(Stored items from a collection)
###

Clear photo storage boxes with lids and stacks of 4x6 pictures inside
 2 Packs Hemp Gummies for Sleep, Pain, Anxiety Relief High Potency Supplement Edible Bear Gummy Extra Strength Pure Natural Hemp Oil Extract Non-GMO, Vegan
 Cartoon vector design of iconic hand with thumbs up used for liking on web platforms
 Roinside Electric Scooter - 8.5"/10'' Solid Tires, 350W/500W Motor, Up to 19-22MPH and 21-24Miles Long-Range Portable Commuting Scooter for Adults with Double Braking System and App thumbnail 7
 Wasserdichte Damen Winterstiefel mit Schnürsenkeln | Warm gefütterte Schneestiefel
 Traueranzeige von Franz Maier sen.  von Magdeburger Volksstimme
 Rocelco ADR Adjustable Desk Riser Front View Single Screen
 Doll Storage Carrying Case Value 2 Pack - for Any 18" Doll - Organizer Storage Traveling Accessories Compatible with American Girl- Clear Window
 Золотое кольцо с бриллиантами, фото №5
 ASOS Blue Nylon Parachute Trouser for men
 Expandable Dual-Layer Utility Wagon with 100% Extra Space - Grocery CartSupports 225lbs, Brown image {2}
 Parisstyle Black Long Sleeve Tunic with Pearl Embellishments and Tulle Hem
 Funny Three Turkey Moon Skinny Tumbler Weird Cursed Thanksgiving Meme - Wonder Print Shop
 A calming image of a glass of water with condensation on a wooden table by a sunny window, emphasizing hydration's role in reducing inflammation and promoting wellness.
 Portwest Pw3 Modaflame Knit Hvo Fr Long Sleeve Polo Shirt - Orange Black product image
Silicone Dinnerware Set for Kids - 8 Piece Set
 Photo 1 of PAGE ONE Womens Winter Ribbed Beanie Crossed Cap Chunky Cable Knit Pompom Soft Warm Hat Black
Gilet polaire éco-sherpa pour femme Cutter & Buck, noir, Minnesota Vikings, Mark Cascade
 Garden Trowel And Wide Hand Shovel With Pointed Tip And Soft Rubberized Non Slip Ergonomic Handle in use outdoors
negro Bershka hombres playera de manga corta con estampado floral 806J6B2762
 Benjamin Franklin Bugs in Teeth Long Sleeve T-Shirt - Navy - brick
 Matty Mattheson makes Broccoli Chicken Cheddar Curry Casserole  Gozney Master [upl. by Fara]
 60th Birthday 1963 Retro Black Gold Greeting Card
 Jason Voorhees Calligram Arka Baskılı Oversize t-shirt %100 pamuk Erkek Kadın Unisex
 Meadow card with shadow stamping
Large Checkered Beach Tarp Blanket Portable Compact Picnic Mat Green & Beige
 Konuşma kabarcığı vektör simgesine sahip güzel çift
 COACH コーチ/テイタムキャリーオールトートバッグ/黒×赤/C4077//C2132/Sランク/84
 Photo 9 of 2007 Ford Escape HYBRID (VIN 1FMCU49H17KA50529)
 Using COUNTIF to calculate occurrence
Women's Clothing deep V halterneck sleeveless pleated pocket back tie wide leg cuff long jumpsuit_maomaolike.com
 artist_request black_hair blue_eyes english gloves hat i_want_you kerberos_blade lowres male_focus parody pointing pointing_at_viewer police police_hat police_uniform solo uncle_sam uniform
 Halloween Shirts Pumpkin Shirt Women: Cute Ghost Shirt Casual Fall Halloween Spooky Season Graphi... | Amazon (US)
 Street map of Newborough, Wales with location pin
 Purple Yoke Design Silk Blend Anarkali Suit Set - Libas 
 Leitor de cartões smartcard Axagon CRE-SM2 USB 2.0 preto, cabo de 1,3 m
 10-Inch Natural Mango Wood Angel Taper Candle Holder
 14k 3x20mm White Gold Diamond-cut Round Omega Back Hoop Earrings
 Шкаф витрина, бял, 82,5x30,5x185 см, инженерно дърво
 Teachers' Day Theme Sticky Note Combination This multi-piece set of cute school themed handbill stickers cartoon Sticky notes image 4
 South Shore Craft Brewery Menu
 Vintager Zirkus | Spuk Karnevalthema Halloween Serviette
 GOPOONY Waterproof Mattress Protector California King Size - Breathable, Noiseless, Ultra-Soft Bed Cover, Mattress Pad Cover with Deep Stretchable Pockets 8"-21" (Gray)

###

TASK TO CARRY OUT —
Could you write out, exactly as they stand, only the lines above that begin at the line with "14k 3x20mm White" and stop after the line with "Vintager Zirkus |"?

TASK RESULT —
 14k 3x20mm White Gold Diamond-cut Round Omega Back Hoop Earrings
 Шкаф витрина, бял, 82,5x30,5x185 см, инженерно дърво
 Teachers' Day Theme Sticky Note Combination This multi-piece set of cute school themed handbill stickers cartoon Sticky notes image 4
 South Shore Craft Brewery Menu
 Vintager Zirkus | Spuk Karnevalthema Halloween Serviette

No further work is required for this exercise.